TASK GOAL: Copy the lines below exactly, starting with the first and finishing with the one holding "Welcome to this"; do not copy the pictures.

(Collected data)
━━━━

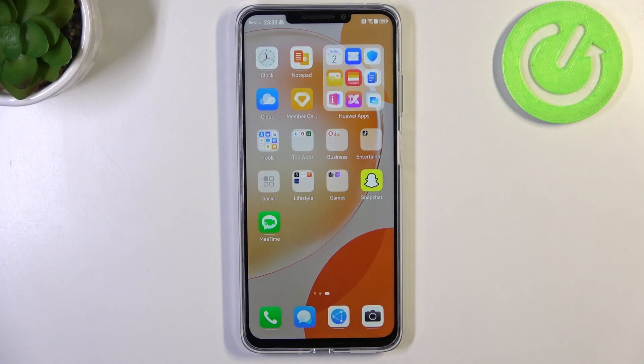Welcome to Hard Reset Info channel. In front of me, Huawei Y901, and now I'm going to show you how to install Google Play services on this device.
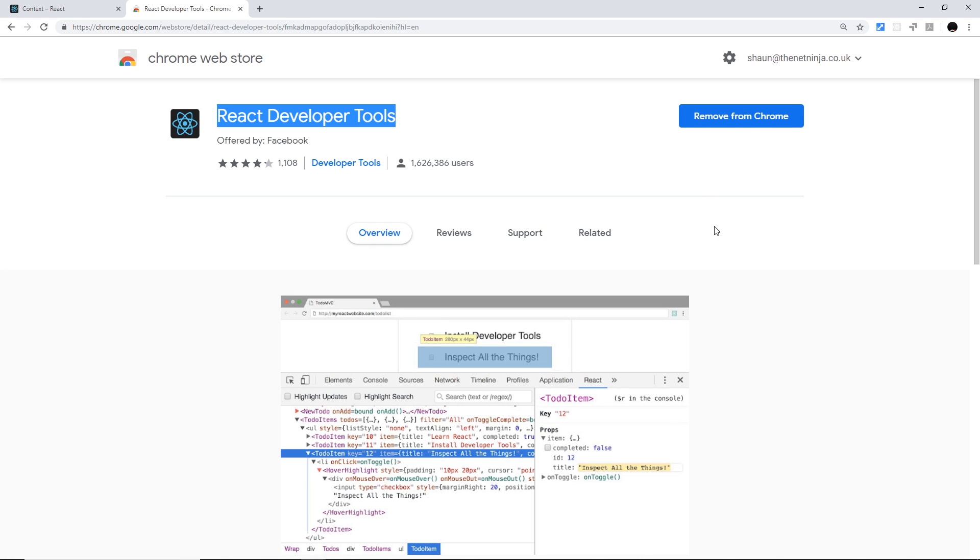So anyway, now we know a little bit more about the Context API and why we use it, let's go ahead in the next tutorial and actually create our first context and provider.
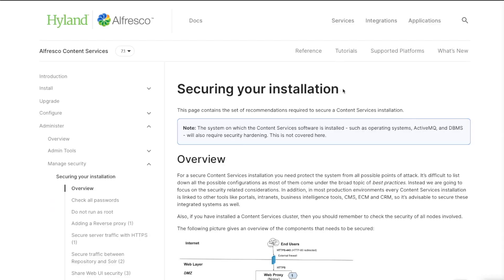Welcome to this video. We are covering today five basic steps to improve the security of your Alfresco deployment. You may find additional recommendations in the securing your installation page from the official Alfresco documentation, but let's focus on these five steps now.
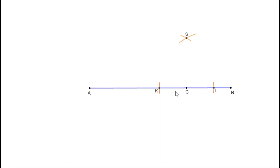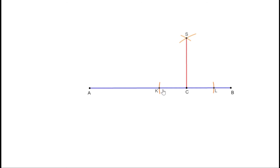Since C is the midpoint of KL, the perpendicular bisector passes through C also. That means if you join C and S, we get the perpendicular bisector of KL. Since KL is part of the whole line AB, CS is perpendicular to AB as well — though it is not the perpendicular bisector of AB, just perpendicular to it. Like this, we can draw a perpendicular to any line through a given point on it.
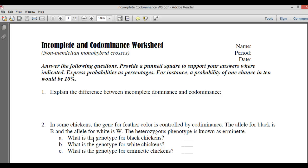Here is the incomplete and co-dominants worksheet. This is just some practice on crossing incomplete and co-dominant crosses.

━━━━

YOUR RESPONSE:
Welcome to Hard Reset Info channel. In front of me, Huawei Y901, and now I'm going to show you how to install Google Play services on this device.
So anyway, now we know a little bit more about the Context API and why we use it, let's go ahead in the next tutorial and actually create our first context and provider.
Welcome to this video. We are covering today five basic steps to improve the security of your Alfresco deployment. You may find additional recommendations in the securing your installation page from the official Alfresco documentation, but let's focus on these five steps now.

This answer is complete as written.